» **EXERCISE INSTRUCTIONS**:
Would you write the data out once more, exactly as it is?

» **INFORMATION PROVIDED**:
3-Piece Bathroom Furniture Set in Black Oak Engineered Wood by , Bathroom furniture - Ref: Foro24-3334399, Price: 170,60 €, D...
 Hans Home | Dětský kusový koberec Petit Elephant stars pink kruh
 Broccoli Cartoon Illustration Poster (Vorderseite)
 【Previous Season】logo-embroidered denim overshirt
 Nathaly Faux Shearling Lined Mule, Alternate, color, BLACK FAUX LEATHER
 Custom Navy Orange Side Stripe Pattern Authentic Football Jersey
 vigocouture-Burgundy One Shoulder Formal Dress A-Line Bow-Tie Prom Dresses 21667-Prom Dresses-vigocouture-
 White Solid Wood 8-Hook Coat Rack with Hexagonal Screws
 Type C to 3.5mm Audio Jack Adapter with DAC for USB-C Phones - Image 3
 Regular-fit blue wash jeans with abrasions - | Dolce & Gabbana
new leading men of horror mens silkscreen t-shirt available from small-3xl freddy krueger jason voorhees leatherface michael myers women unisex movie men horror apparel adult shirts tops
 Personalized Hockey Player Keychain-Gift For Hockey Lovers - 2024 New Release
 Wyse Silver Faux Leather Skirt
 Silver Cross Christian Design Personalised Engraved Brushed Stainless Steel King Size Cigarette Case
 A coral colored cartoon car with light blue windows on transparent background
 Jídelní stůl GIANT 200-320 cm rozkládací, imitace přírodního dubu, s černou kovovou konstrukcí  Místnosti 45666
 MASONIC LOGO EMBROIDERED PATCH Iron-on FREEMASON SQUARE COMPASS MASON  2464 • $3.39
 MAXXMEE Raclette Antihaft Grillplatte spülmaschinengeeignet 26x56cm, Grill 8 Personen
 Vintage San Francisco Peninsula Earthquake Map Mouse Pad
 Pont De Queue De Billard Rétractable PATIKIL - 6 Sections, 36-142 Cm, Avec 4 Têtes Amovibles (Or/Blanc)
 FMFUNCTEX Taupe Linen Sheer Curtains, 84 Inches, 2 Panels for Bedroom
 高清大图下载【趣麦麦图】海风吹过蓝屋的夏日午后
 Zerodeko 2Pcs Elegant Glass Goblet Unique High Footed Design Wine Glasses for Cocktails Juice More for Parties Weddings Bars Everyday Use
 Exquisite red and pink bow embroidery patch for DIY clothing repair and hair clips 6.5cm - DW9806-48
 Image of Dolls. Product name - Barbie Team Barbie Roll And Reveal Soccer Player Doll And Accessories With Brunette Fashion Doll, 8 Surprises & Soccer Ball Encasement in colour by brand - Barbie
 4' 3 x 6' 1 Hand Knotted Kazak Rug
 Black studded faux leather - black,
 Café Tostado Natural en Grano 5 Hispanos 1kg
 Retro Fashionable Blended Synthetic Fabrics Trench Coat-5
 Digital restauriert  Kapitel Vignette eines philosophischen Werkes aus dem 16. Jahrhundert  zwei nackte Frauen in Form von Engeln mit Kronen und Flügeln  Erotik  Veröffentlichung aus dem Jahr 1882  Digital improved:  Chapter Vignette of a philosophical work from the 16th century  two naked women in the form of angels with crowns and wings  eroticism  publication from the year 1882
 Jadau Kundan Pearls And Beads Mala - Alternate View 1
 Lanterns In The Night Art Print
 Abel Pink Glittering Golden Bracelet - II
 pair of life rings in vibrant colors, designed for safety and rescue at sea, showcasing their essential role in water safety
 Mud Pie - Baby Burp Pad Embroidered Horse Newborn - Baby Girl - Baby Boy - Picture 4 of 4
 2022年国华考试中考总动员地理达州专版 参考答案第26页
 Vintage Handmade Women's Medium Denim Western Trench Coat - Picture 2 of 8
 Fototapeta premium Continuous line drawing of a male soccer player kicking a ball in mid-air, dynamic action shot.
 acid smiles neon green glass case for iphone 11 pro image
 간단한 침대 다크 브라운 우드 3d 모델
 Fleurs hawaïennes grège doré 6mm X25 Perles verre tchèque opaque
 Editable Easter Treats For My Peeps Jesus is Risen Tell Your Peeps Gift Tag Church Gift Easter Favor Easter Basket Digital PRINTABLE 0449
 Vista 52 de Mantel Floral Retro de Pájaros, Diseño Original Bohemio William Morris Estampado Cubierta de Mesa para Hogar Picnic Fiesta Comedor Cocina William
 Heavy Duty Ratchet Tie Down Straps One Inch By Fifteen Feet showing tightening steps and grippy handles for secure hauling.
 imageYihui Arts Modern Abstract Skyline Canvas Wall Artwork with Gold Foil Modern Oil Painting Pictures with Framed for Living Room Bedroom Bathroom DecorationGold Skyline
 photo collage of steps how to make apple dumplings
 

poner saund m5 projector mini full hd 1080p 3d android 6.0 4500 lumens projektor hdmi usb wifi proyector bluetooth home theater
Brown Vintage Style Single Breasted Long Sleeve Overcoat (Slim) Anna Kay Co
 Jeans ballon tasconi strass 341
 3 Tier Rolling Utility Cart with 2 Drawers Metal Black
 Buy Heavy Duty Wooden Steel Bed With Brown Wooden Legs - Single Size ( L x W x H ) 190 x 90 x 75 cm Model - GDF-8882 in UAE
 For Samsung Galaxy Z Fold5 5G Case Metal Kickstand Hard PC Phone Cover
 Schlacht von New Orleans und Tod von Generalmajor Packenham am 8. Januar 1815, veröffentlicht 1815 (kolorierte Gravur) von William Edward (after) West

» **RESPONSE TO THIS TASK**:
3-Piece Bathroom Furniture Set in Black Oak Engineered Wood by , Bathroom furniture - Ref: Foro24-3334399, Price: 170,60 €, D...
 Hans Home | Dětský kusový koberec Petit Elephant stars pink kruh
 Broccoli Cartoon Illustration Poster (Vorderseite)
 【Previous Season】logo-embroidered denim overshirt
 Nathaly Faux Shearling Lined Mule, Alternate, color, BLACK FAUX LEATHER
 Custom Navy Orange Side Stripe Pattern Authentic Football Jersey
 vigocouture-Burgundy One Shoulder Formal Dress A-Line Bow-Tie Prom Dresses 21667-Prom Dresses-vigocouture-
 White Solid Wood 8-Hook Coat Rack with Hexagonal Screws
 Type C to 3.5mm Audio Jack Adapter with DAC for USB-C Phones - Image 3
 Regular-fit blue wash jeans with abrasions - | Dolce & Gabbana
new leading men of horror mens silkscreen t-shirt available from small-3xl freddy krueger jason voorhees leatherface michael myers women unisex movie men horror apparel adult shirts tops
 Personalized Hockey Player Keychain-Gift For Hockey Lovers - 2024 New Release
 Wyse Silver Faux Leather Skirt
 Silver Cross Christian Design Personalised Engraved Brushed Stainless Steel King Size Cigarette Case
 A coral colored cartoon car with light blue windows on transparent background
 Jídelní stůl GIANT 200-320 cm rozkládací, imitace přírodního dubu, s černou kovovou konstrukcí  Místnosti 45666
 MASONIC LOGO EMBROIDERED PATCH Iron-on FREEMASON SQUARE COMPASS MASON  2464 • $3.39
 MAXXMEE Raclette Antihaft Grillplatte spülmaschinengeeignet 26x56cm, Grill 8 Personen
 Vintage San Francisco Peninsula Earthquake Map Mouse Pad
 Pont De Queue De Billard Rétractable PATIKIL - 6 Sections, 36-142 Cm, Avec 4 Têtes Amovibles (Or/Blanc)
 FMFUNCTEX Taupe Linen Sheer Curtains, 84 Inches, 2 Panels for Bedroom
 高清大图下载【趣麦麦图】海风吹过蓝屋的夏日午后
 Zerodeko 2Pcs Elegant Glass Goblet Unique High Footed Design Wine Glasses for Cocktails Juice More for Parties Weddings Bars Everyday Use
 Exquisite red and pink bow embroidery patch for DIY clothing repair and hair clips 6.5cm - DW9806-48
 Image of Dolls. Product name - Barbie Team Barbie Roll And Reveal Soccer Player Doll And Accessories With Brunette Fashion Doll, 8 Surprises & Soccer Ball Encasement in colour by brand - Barbie
 4' 3 x 6' 1 Hand Knotted Kazak Rug
 Black studded faux leather - black,
 Café Tostado Natural en Grano 5 Hispanos 1kg
 Retro Fashionable Blended Synthetic Fabrics Trench Coat-5
 Digital restauriert  Kapitel Vignette eines philosophischen Werkes aus dem 16. Jahrhundert  zwei nackte Frauen in Form von Engeln mit Kronen und Flügeln  Erotik  Veröffentlichung aus dem Jahr 1882  Digital improved:  Chapter Vignette of a philosophical work from the 16th century  two naked women in the form of angels with crowns and wings  eroticism  publication from the year 1882
 Jadau Kundan Pearls And Beads Mala - Alternate View 1
 Lanterns In The Night Art Print
 Abel Pink Glittering Golden Bracelet - II
 pair of life rings in vibrant colors, designed for safety and rescue at sea, showcasing their essential role in water safety
 Mud Pie - Baby Burp Pad Embroidered Horse Newborn - Baby Girl - Baby Boy - Picture 4 of 4
 2022年国华考试中考总动员地理达州专版 参考答案第26页
 Vintage Handmade Women's Medium Denim Western Trench Coat - Picture 2 of 8
 Fototapeta premium Continuous line drawing of a male soccer player kicking a ball in mid-air, dynamic action shot.
 acid smiles neon green glass case for iphone 11 pro image
 간단한 침대 다크 브라운 우드 3d 모델
 Fleurs hawaïennes grège doré 6mm X25 Perles verre tchèque opaque
 Editable Easter Treats For My Peeps Jesus is Risen Tell Your Peeps Gift Tag Church Gift Easter Favor Easter Basket Digital PRINTABLE 0449
 Vista 52 de Mantel Floral Retro de Pájaros, Diseño Original Bohemio William Morris Estampado Cubierta de Mesa para Hogar Picnic Fiesta Comedor Cocina William
 Heavy Duty Ratchet Tie Down Straps One Inch By Fifteen Feet showing tightening steps and grippy handles for secure hauling.
 imageYihui Arts Modern Abstract Skyline Canvas Wall Artwork with Gold Foil Modern Oil Painting Pictures with Framed for Living Room Bedroom Bathroom DecorationGold Skyline
 photo collage of steps how to make apple dumplings
 

poner saund m5 projector mini full hd 1080p 3d android 6.0 4500 lumens projektor hdmi usb wifi proyector bluetooth home theater
Brown Vintage Style Single Breasted Long Sleeve Overcoat (Slim) Anna Kay Co
 Jeans ballon tasconi strass 341
 3 Tier Rolling Utility Cart with 2 Drawers Metal Black
 Buy Heavy Duty Wooden Steel Bed With Brown Wooden Legs - Single Size ( L x W x H ) 190 x 90 x 75 cm Model - GDF-8882 in UAE
 For Samsung Galaxy Z Fold5 5G Case Metal Kickstand Hard PC Phone Cover
 Schlacht von New Orleans und Tod von Generalmajor Packenham am 8. Januar 1815, veröffentlicht 1815 (kolorierte Gravur) von William Edward (after) West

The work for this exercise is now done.